Fue uno de esos conciertos en los que, desde que suena el primer acorde, no puedes dejar de pensar estúpidamente en que ya se está terminando. En que, cada minuto que pasa, te acerca más al final. León Benavente ofrecieron el viernes en Viveros la actuación del año. Al menos para mí que, sin ser fan suyo, acabé sucumbiendo a su rock contundente, moderno, agresivo y perturbador. Una música que, con sus textos inteligentes y su actitud desgarradora, es capaz de trastornar la conciencia a niveles tan profundos que rozan la sordidez.

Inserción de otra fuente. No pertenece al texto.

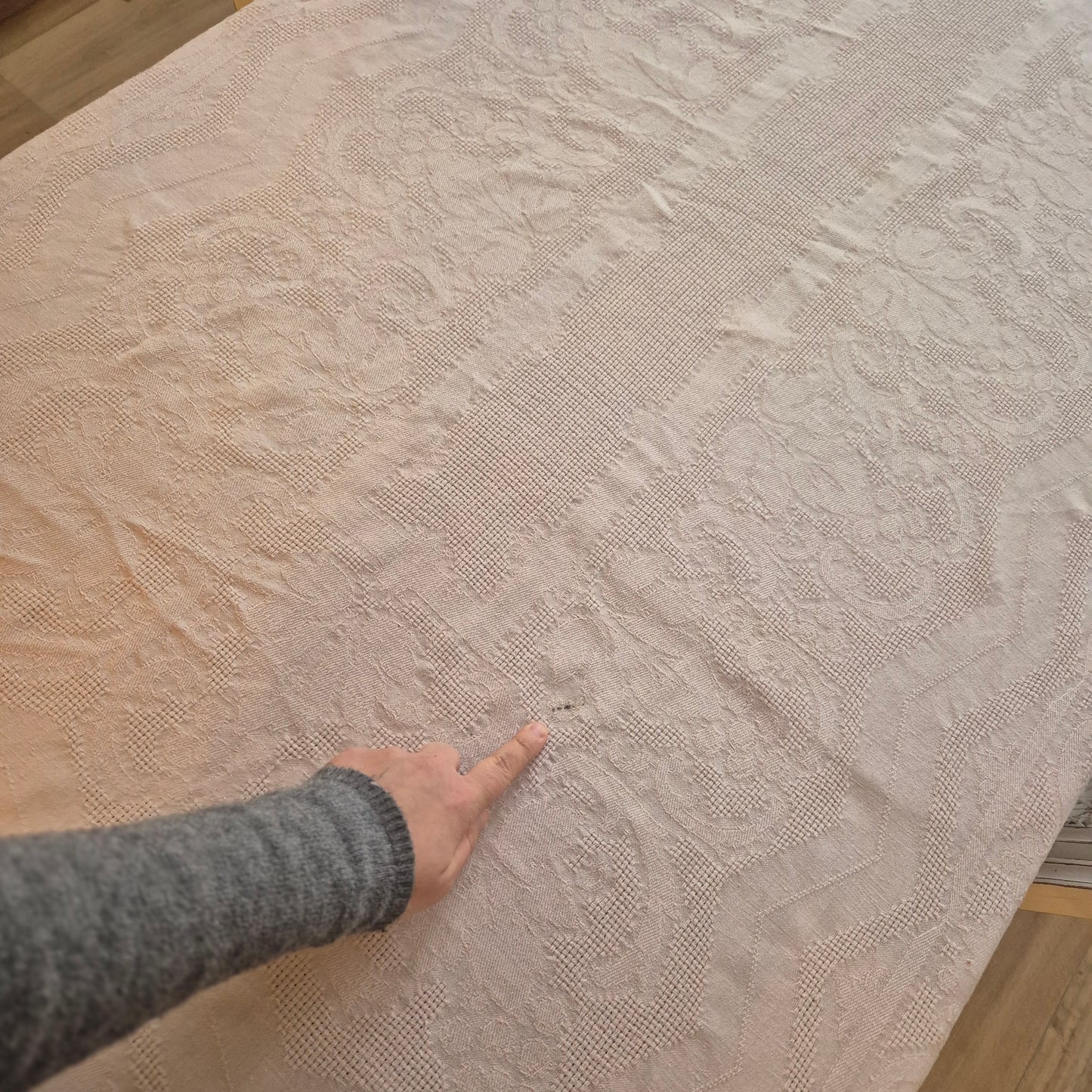 Wunderschöne Vintage Leinen Tischdecke mit Damast Blumendekor leider mit Fleck! 130x215cm Altrosa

No son pocos los que consideran a Abraham Boba una especie de chamán telépata con la capacidad de relatar de manera descarnada los miedos, las agitaciones y las obsesiones que una generación entera lleva en su cabeza, pero que no tiene el valor de asumir, expresar o gestionar. Cuarentones que se asombran de aparecer obscenamente expuestos emocionalmente, retratados sentimentalmente en situaciones cotidianas e interioridades que solían ser un secreto entre ellos y sus terapeutas.

Sobre el escenario, cuatro tipos convulsionando como simios y rugiendo como leones, a tan sólo unos metros de donde València tuvo su zoológico una vez. Músicos enormes y curtidos, con afición por los ochentas más alternativos, el after punk y el kraut setentero. Alternando instrumentos en un equilibrio alucinante entre lo analógico y lo electrónico. Facturando un rock rítmico y electrizante, con pegada, melódico. Elegante y peligroso, como un cóctel molotov en una botella de Bollinger. Cerebral pero divertido, si te atreves a dejarte llevar en una ceremonia que puede ser oscura e incómoda, como avanzaban Sun Ra, Kraftwerk o Flavien Berger en la previa.

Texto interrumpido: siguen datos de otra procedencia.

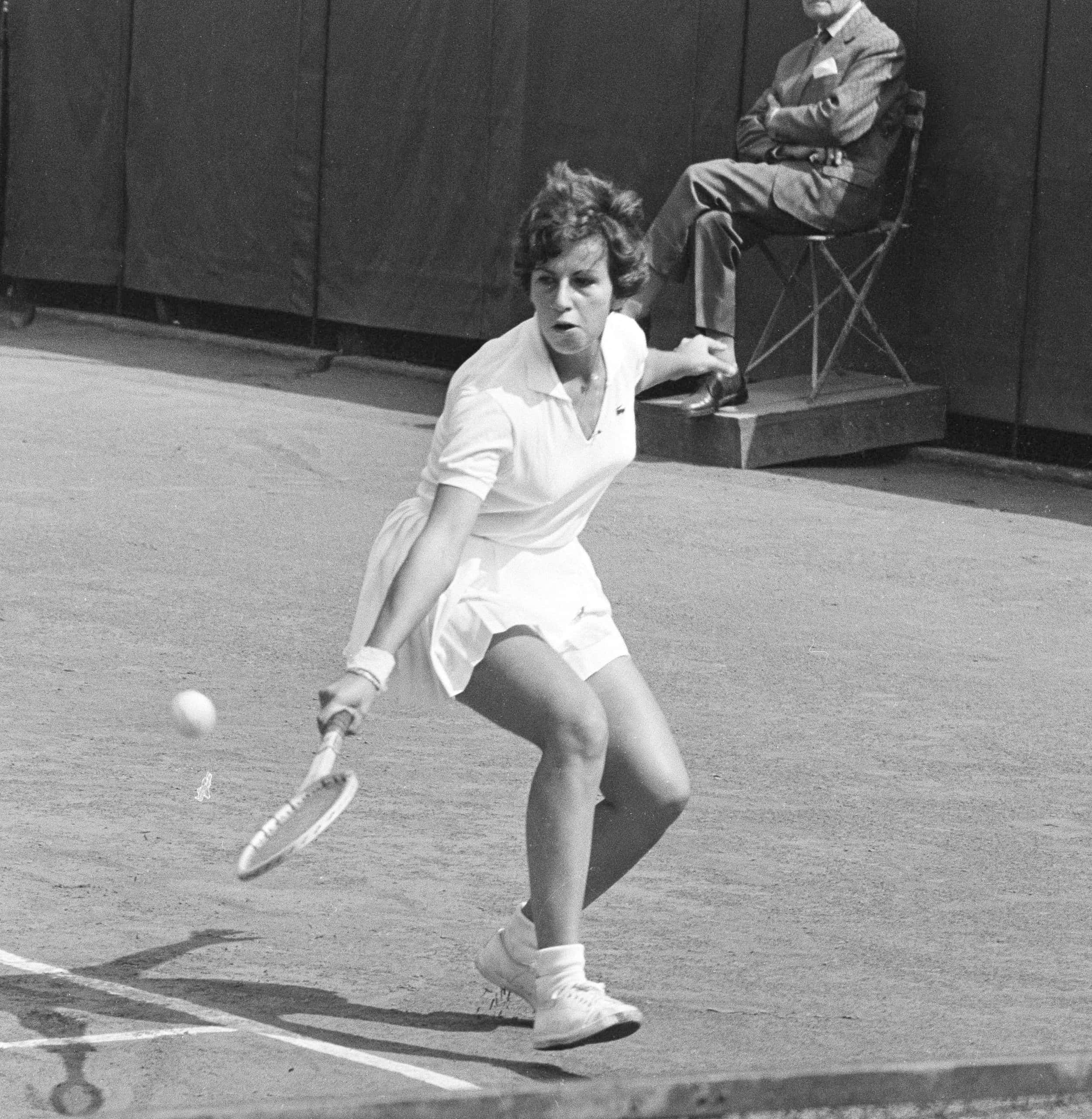 Maria Bueno, black and white photo, tennis player, 2K Phone Wallpaper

Arrancó la catarsis con “Cuatro monos” y una sencilla puesta en escena en la que únicamente destacaba una tremendista iluminación. Sexys e impecables, atacaron “Mano de santo” y “Estado provisional” antes de interpretar una soberbia y mercurial “La Ribera”. “Celebración” sonó machacona y cortante justo antes de “Ánimo, valiente”, con los asistentes cantando emocionados, tal y como pidió el vocalista. Después, “Niño futuro”, homenaje al fallecido compositor Rafael Berrio, una auténtica barbaridad declamada por Boba, libro en mano. Una inquietante letanía protagonizada por una serie de personajes que bien podían haber salido del infierno ante la llamada del teclista. Limpió el ambiente “Ayer salí”, pluscuamperfecta en su prepandemicidad.

La conciencia política de la banda se dejó ver en sus letras, sin panfletos ni consignas, pero repletas de carga ideológica. De sentimientos derivados de un sistema social y económico que arroja consecuencias como la anomia, la desesperación, la depresión, la ansiedad, las relaciones disfuncionales, la duda y el dolor existencial. Y la disyuntiva de huir de una vida, de un trabajo, de una familia, de los demás, al fin y al cabo; o de continuar con todo ello para morir matando. Tocaron “Tipo D”, magistralmente corrosiva, con Boba pateando el teclado con furia de crítica social, que se tornó rabia violenta en la feroz interpretación de “Disparando a los caballos”. Por ese camino siguió la muy bailable “Aún no ha salido el sol”, con la peña luchando por mantener la compostura pese a la generosa dosis de funk nuevaolero.

La pasión ruidista cotizaba al alza en la recta final del concierto, los ánimos del personal se caldearon definitivamente en “Gloria”, frenética y vitriólica, con un mensaje que es un chute de energía oscura; igual que sucede en “La canción del daño”, otro regalo envenenado. Tras un breve receso llegó el punk saturado, restallante y crudo de “La palabra”. Para finalizar, “Ser brigada”, la espectacular narración de una abrasadora historia de amor, maravillosa y agotadora, que planeó sobre las cabezas de los asistentes repartiendo angustia, cólera, nostalgia y pena. Evocaciones de otras tantas y diferentes emociones, que es lo que consiguen las canciones que se convierten en himno, aunque sea de los pequeños reinos interiores de cada uno cuando las hace suyas.